One of the best things about elementary school for me was the chance to order Scholastic books. I was always allowed to order a couple of titles each time that little flyer was sent home. My parents said, “We’ll support your good habits but not your bad ones,” and reading was thankfully considered one of my good habits. What you see here is my Scholastic copy of Old Yeller that I’ve owned for more than forty years.
My favorite part of the elementary school day was when our teacher read aloud to us. In early grades I remember Make Way for Ducklings and The 500 Hats of Bartholomew Cubbins. When we were a little older, we heard A Wrinkle in Time, Little House on the Prairie, and the book that became “my book,” Fred Gipson’s Old Yeller.
You might know that this is the story of a frontier boy and the trouble-making dog he grows to love. I read Old Yeller over and over and bragged to anyone who would listen that I’d gone through it more than twenty times. I read other dog books too: Jim Kjelgaards’s Big Red, Irish Red, and Outlaw Red; The Greyhound by Helen Griffiths; and Fred Gipson’s other books, Savage Sam and Hound Dog Man. But nothing got in my head the way Old Yeller did.
The language captured me first, followed by the story. For the sheer joy of it, go ahead and read aloud this passage where our eponymous dog protagonist is first described: “He was a big, ugly, slick-haired yeller dog. One short ear had been chewed clear off and his tail had been bobbed so close to his rump that there was hardly stub enough left to wag. But the most noticeable thing to me about him was how thin and starved looking he was, all but for his belly. His belly was swelled up as tight and round as a pumpkin.” Any description including the words ugly, rump, stub, belly, and swelled is bound to catch a boy’s attention.
Also enthralling to me were the scenes of animal violence in Old Yeller. How could I resist a story that includes this warning about javelina hogs?: “Make a bad shot and wound one so that he went to squealing, and you had the whole bunch after you, ready to eat you alive.” I’m not even sure I’d know a javelina hog if I saw one, but I am sure I never want to mess with such a creature because of what I read back then in Old Yeller. Or how about the scene where the narrator Travis is trampled by two enraged bulls?: “I sure thought I was a goner. The roaring of the bulls was right in my ears. The hot, reeking scent of their blood was in my nose. The bone-crushing weight of their hoofs was stomping all around and over me, churning up such a fog of dust that I couldn’t see a thing.” Throughout Old Yeller we see all manner of animals, frequently in inter-species combat, or battling Travis or his brother Arliss, and Old Yeller usually inserts himself into the fray and saves the day one way or another.
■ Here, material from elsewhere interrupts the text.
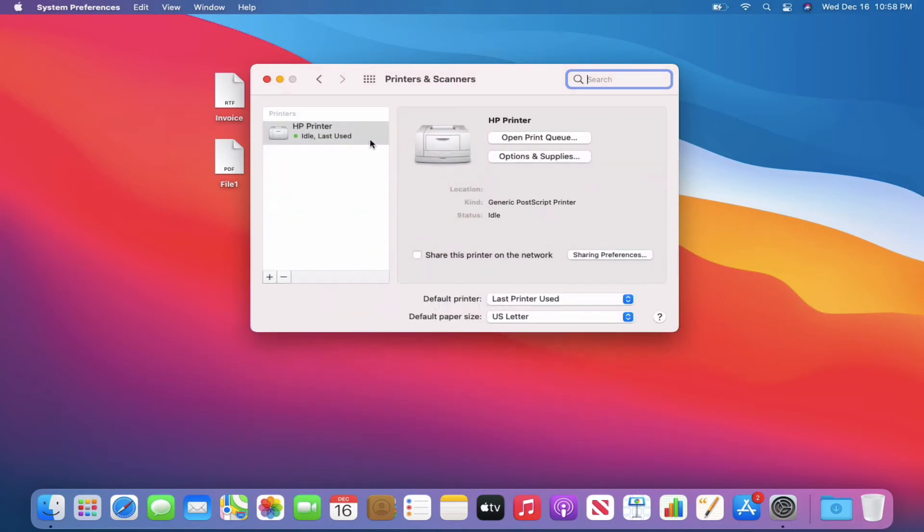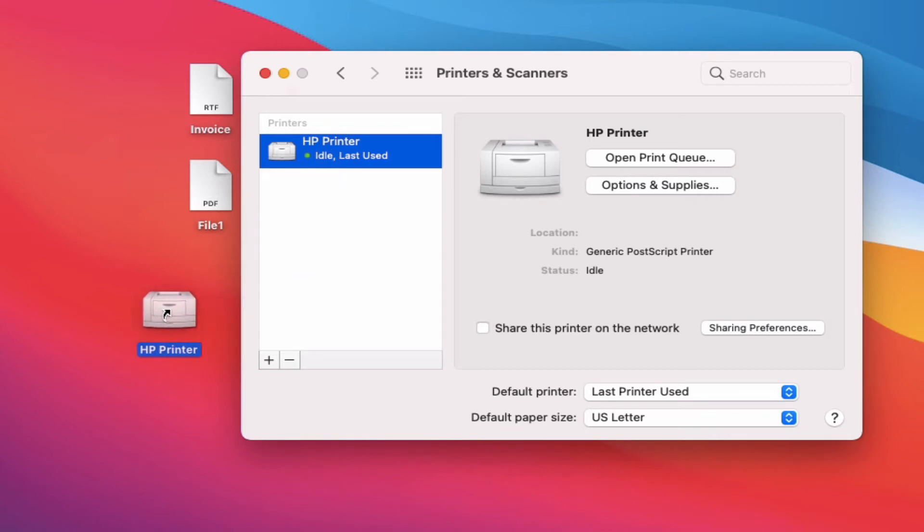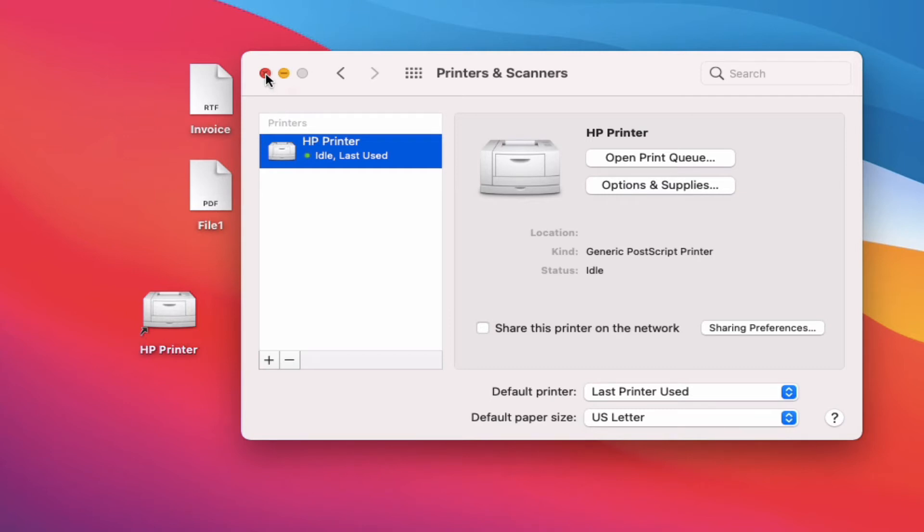I just have one printer here for this example. So I'm going to highlight that printer and I'm going to drag it over to my desktop. You'll notice that this little arrow means that it's a shortcut to that printer. So I'll go ahead and close this out.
The tension of these elemental frontier conflicts is periodically offset by Travis’s sense of humor. For example, he describes his brother Little Arliss as “a screamer by nature. He’d scream when he was happy and scream when he was mad and a lot of times he’d scream just to hear himself make noise.”
Old Yeller is, of course, most famous for its ending, but I believe that’s more due to the movie than the book. This over-wrought screen moment was even satirized on Friends when Phoebe is startled by seeing the movie’s denouement for the first time after being told as a child that it ended happily.
In the book, Old Yeller’s demise is handled quickly in one understated sentence: “I stuck the muzzle of the gun against his head and pulled the trigger.” Oh, come on. Is it really a spoiler when anyone who picks up a dog book should know that it will end badly for the dog? That’s part of the genre. Old Yeller’s ending is an iconic moment in animal stories and, I believe, a valuable and important example of what Kelly Gallagher calls “imaginative rehearsal.” The power of that moment helped prepare me and I’m sure countless others to make hard decisions at personal expense and for the greater good of a community.
Why did Fred Gipson’s Old Yeller speak to me? Maybe because young readers need to see some version of themselves in the books they read. Although I did not have a dog of my own, reading Old Yeller showed me an older brother working hard and taking on responsibility, learning to choose his battles, and a courageous dog companion who doesn’t let unfair odds get in the way of tackling opponents or problems. Those were good lessons that I probably could not have articulated in elementary school but that are clear to me now.
When a boy learns his lessons from a “big, ugly, slick-haired yeller dog,” they tend to stick with him. If you haven’t read Old Yeller, or if it’s been a while, give that dog a chance. He’ll grow on you.